Activity: In the records below, repeat word for word only the lines starting at the one that contains "Chic feminin rosa" and ending at the one that contains "Anthropologie NWT Love", pictures excluded.

Available data:

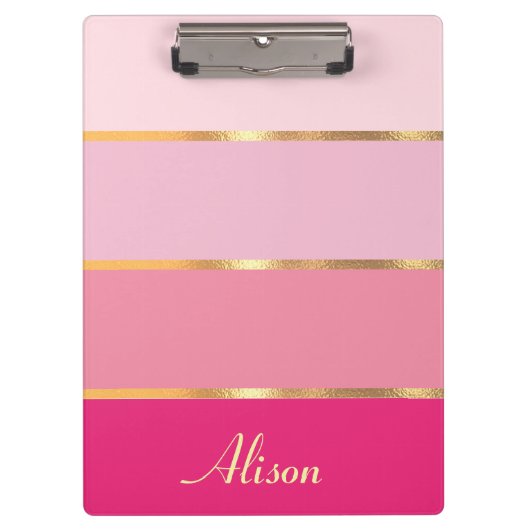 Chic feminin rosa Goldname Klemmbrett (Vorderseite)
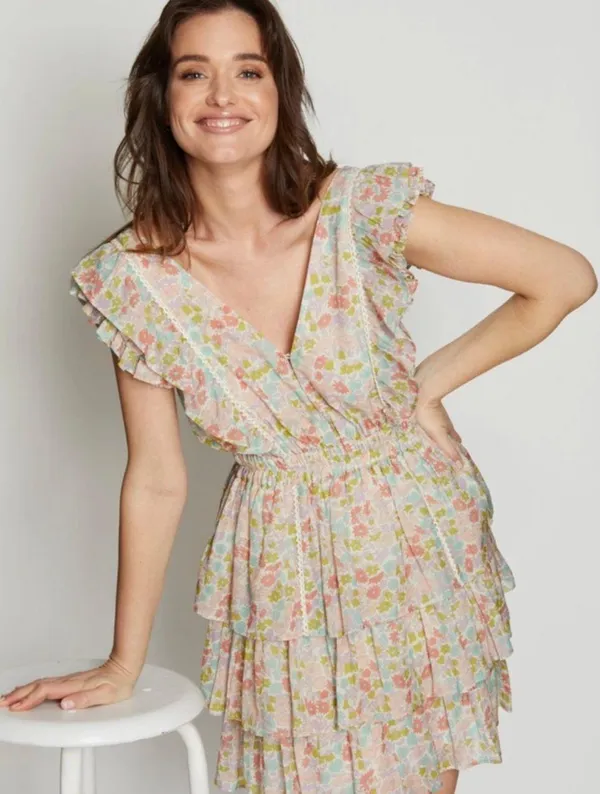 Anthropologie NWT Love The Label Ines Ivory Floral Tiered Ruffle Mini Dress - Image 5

--

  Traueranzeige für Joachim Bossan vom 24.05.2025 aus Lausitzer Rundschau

...

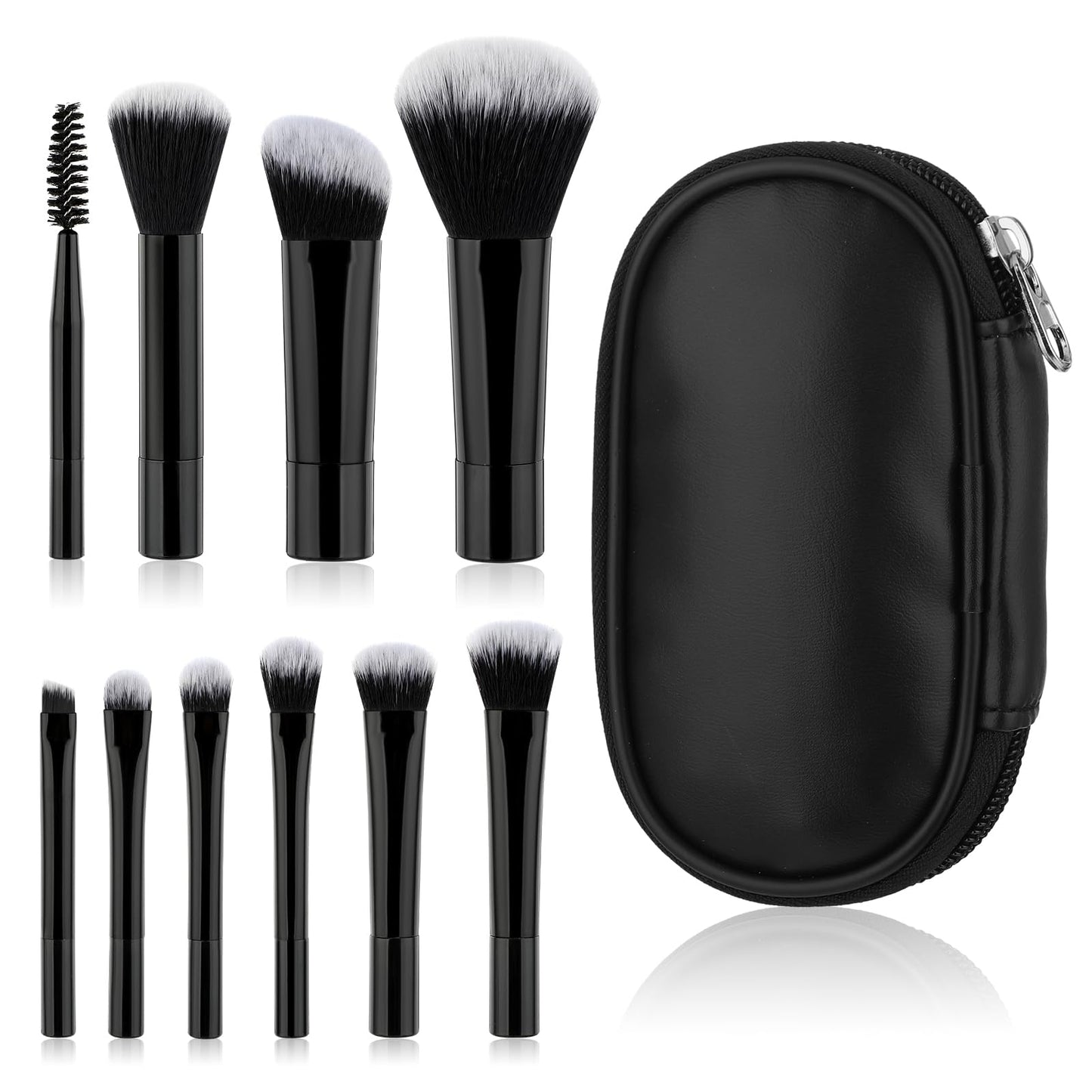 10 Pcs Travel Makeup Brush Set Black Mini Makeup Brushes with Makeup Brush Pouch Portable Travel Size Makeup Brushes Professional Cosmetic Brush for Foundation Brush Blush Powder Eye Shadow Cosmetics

Exercise answer:
 Chic feminin rosa Goldname Klemmbrett (Vorderseite)
 Anthropologie NWT Love The Label Ines Ivory Floral Tiered Ruffle Mini Dress - Image 5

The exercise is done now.